2. There may be slight behavioral changes between the tests ran by the Zeebe team using specific versions of transitive dependencies and the actual dependencies automatically resolved in the user's project, which can cause unexpected behavior.

For both issues above, it's perfectly fine if these occur when the user has explicitly overridden one of the dependency's versions. But when that's not the case, then no such issues should appear in their projects.

Describe the solution you'd like

Use the flatten-maven-plugin to generate flat POMs for the projects above, and any other projects which is explicitly meant to be included in another project. This will not only trim down the POM to its minimum, making it often more readable, but it will solve both of the issues above.

Describe alternatives you've considered

We could fix the dependencies ourselves manually in the POM when security issues arise, however this sort of negates the benefits we gain from centralized dependency management and creates more busy work for the team.

Additional context
Add any other context or screenshots about the feature request here.

[korthout]

I like this approach, I used it successfully before. I recommend using <flattenMode>ossrh</flattenMode>, and would probably also try out <flattenMode>bom</flattenMode> for our bom.

[npepinpe]

Can you expand a little on why you would recommend these? And the BOM is good point, I do expect people to include the BOM in their projects for dependency management so we should add it.

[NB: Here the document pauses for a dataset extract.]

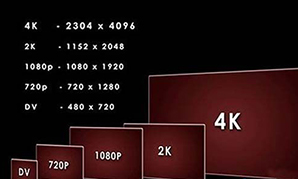 4K超高清与其它高清像素对比 2.jpg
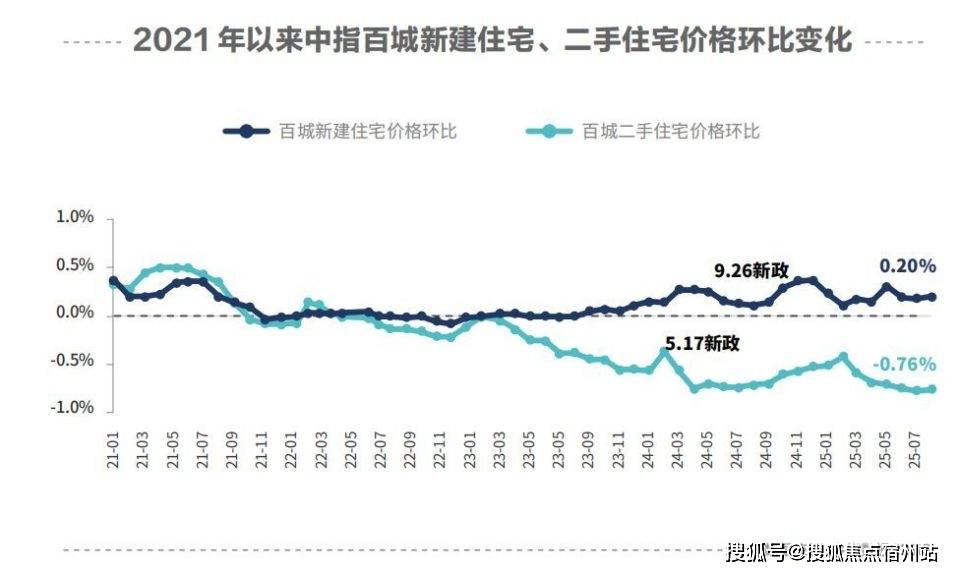 售中心 - 环境户型价格地址楼盘详情配套电话交房时间配套电话交房时间CQ9电子网站保利虹桥和著（售楼处) 首页网站 - 保利·虹桥和著销(图1)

Speaking of the BOM, I'm starting to think it might make more sense to have the BOM only contains those modules which we expect to be included in other projects, and to keep our internal modules in either a separate BOM-equivalent module, or just have them in the parent module's dependency management section. This would reinforce the idea for external users that only a certain subset of modules are actually public.

[korthout]

The ossrh option removes all unnecessary data from the pom. It inlines the properties and removes any build related stuff. But at the same time it leaves the tags necessary for publishing in maven central.

[npepinpe]

I would propose the following:

1. Reduce the BOM to only those modules which are meant to be consumed by other projects outside of Zeebe
2. Dependency management of internal modules (e.g. zeebe-broker, zeebe-util) is moved to the zeebe-parent. External projects can still use these as dependencies of course, and we can discuss adding a zeebe-internal-bom if we really need. However, I want to increase the effort, because I want to make it as clear/explicit to external projects that these modules are not meant to be included in your projects and don't carry the same guarantees.
3. Modules listed in the BOM, and the BOM itself, are flattened via the flatten-maven-plugin before being published.

My goal is to have it in 1.4.0-alpha2 like this so that we can test it internally at Camunda with the other teams depending on these modules. Let me know before end of next week if you object.

[remcowesterhoud]

Why would we flatten only these modules instead of all? Doing it for all modules has some advantages in my opinion:

1. We can have the plugin configured in a single place, instead of for all 5 modules.
2. Other modules are still published on maven. We might not encourage it in most cases, but people could still add them as dependencies, meaning this problems would still be there for these users.
3. It's less confusing if everything behaves in the same way, instead of different modules having different behaviour.

[npepinpe]

Makes sense, we can flatten all of them, I don't see any downsides to that.